Through past experiments, it has been known that the properties of glasses are also a function of processing and testing conditions. Zaki et al. (2023) used text mining and natural language processing tools to collect data on the composition, annealing temperature, testing load, and hardness of glasses. The authors then trained machine learning models that considered such parameters and predicted the hardness of oxide glasses. Their study revealed that including processing (annealing temperature) and testing variables (testing load) in the dataset improved predictions of Vickers hardness. Developing functional glasses under different testing conditions requires AI/ML models that can consider both composition and testing conditions as input, and predict the desired properties (Zaki et al., 2023). Glass properties such as refractive index, dielectric constant, and loss tangent are a function of wavelength or frequency; while density is a function of both composition and temperature (Varshneya and Mauro, 2019). The existing models can predict the density, refractive index, dielectric constant, and loss tangent of inorganic glasses as a function of their compositions at fixed testing conditions. Therefore, the major challenge is to develop machine learning models that can predict the properties by considering the testing conditions. In this work, we develop machine learning models to predict refractive index, dielectric constant, loss tangent as a function of composition and wavelength, and density as a function of glass composition and temperature. We use SHAP analysis to explain the effect of different input parameters on property values. Through SHAP analysis, the interaction between chemical components and testing conditions is also reported which will assist in appropriate selection of chemical compounds for targeted property. The remainder of the paper is organized as follows. First, we discuss dataset preparation, how machine learning models are trained, and how their predictions are explained. Subsequently, in the Results and discussion section, we dwell on dataset details and performance of the trained machine learning models.

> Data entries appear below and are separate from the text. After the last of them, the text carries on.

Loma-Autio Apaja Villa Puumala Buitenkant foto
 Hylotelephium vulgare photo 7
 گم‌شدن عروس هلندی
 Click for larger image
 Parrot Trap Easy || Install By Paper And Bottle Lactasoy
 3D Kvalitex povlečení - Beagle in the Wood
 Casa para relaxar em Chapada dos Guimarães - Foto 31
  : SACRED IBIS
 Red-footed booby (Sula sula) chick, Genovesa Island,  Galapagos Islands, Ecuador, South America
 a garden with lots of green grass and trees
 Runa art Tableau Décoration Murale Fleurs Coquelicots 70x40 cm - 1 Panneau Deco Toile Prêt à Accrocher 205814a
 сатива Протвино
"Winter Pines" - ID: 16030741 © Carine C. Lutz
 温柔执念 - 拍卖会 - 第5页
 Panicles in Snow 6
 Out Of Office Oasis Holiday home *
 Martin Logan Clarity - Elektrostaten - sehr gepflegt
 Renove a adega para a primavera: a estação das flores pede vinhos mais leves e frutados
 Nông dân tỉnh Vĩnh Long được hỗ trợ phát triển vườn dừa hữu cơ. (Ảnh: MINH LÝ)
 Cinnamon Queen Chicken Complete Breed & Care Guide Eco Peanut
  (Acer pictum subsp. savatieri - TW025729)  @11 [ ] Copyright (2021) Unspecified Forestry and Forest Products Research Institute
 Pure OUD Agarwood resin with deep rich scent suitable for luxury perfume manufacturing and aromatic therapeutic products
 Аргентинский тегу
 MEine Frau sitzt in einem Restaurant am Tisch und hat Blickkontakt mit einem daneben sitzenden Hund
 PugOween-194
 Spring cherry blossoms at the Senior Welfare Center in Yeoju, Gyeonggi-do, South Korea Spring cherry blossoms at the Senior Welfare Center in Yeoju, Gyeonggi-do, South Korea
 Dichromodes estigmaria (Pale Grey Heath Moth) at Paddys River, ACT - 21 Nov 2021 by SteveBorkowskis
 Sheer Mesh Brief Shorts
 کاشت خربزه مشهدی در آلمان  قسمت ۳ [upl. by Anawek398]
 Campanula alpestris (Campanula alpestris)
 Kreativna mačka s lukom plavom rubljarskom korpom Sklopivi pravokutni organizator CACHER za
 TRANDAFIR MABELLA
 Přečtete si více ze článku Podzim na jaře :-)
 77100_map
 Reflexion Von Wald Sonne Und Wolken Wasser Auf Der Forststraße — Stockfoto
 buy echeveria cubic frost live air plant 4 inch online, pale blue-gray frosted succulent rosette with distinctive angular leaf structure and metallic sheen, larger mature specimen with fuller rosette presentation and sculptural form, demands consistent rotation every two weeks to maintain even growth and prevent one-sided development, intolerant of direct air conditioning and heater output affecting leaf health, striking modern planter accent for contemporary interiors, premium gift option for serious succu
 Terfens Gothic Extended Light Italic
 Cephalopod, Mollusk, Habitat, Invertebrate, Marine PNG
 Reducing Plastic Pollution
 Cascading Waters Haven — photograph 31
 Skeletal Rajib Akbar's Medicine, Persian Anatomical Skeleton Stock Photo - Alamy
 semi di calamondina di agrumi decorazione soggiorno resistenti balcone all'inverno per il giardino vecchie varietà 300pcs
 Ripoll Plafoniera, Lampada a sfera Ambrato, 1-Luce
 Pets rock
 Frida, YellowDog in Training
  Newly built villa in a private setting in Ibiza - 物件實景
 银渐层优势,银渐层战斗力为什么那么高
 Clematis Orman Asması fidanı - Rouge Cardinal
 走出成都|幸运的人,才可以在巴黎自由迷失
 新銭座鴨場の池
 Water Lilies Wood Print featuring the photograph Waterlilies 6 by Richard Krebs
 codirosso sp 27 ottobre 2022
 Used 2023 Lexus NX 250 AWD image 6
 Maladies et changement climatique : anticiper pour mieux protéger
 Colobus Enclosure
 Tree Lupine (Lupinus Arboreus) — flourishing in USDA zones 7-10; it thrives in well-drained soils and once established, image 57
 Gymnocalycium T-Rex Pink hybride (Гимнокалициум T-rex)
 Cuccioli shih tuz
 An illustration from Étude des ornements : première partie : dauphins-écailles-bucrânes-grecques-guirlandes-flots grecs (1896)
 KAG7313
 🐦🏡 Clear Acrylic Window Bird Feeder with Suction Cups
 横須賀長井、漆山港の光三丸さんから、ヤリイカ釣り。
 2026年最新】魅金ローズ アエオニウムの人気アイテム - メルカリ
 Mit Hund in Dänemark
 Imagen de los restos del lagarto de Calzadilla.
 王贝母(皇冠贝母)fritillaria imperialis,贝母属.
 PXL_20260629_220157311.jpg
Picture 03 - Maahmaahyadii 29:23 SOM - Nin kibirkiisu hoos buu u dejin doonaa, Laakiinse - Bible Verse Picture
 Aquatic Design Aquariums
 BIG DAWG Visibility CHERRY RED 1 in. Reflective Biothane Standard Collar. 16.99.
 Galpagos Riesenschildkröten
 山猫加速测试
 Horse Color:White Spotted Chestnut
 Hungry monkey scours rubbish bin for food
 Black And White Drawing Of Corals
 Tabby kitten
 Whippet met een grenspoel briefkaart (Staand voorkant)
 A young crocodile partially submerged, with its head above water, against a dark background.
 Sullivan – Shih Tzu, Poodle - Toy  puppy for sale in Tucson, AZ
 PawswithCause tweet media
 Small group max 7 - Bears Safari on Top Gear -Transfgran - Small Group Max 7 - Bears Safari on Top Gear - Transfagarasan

This is followed by a discussion of SHAP analysis to explain the compositional and testing parameter dependence of glass properties. The paper ends with the Conclusion section, where we summarize key results and discuss future research directions.

2 Methodology

2.1 Dataset preparation

Several researchers have studied the compositional governance of optical, physical, electrical, and mechanical properties of glasses using data from Sciglass (https://github.com/epam/SciGlass) and Interglad Ver (2020) databases. However, very few accounted for processing and testing conditions (Zaki et al., 2022a). Here, we use the Interglad Ver (2020) database to obtain the composition and wavelength associated with the refractive index, dielectric constant, and loss tangent of glasses. We also compiled a dataset of glass density at different testing temperatures. The compiled dataset had a few samples for which the sum of all components did not add up to 100%. Since these were very few, they were discarded. In some cases, the units of testing variables were different. We converted all units to the same scale. For example, frequencies are reported in units like Hz, kHz, MHz, and GHz; temperature is reported in both Kelvin and degrees Celsius. Therefore, all frequencies were scaled to GHz, and all temperature values to degrees Celsius for the sake of consistency. In previous works (Bishnoi et al., 2021; Cassar et al., 2021a; Bhattoo et al., 2023), duplicated values arising from different processing and testing conditions; therefore, a duplicate removal step was required. In this work, the testing conditions are also considered as variable, and hence, this step has been obviated.

Machine learning models perform well when trained on sufficient good quality data. Hence, random entries were verified with their source through natural language processing-based approaches to ensure good quality datasets for training the models. To reduce outliers, only those chemical components that were present in at least 30 glasses were chosen to be part of the dataset. After all preprocessing and cleaning steps, the dataset was split into 80:20 ratios to obtain training and test sets. The training set was subjected to 10-fold cross-validation, and the best-performing model on the validation set was selected as the final model. Note that the test set is kept hidden and is used only after the selection of the best model for final evaluation. This strategy is the same as used in one of the earlier works (Bhattoo et al., 2023).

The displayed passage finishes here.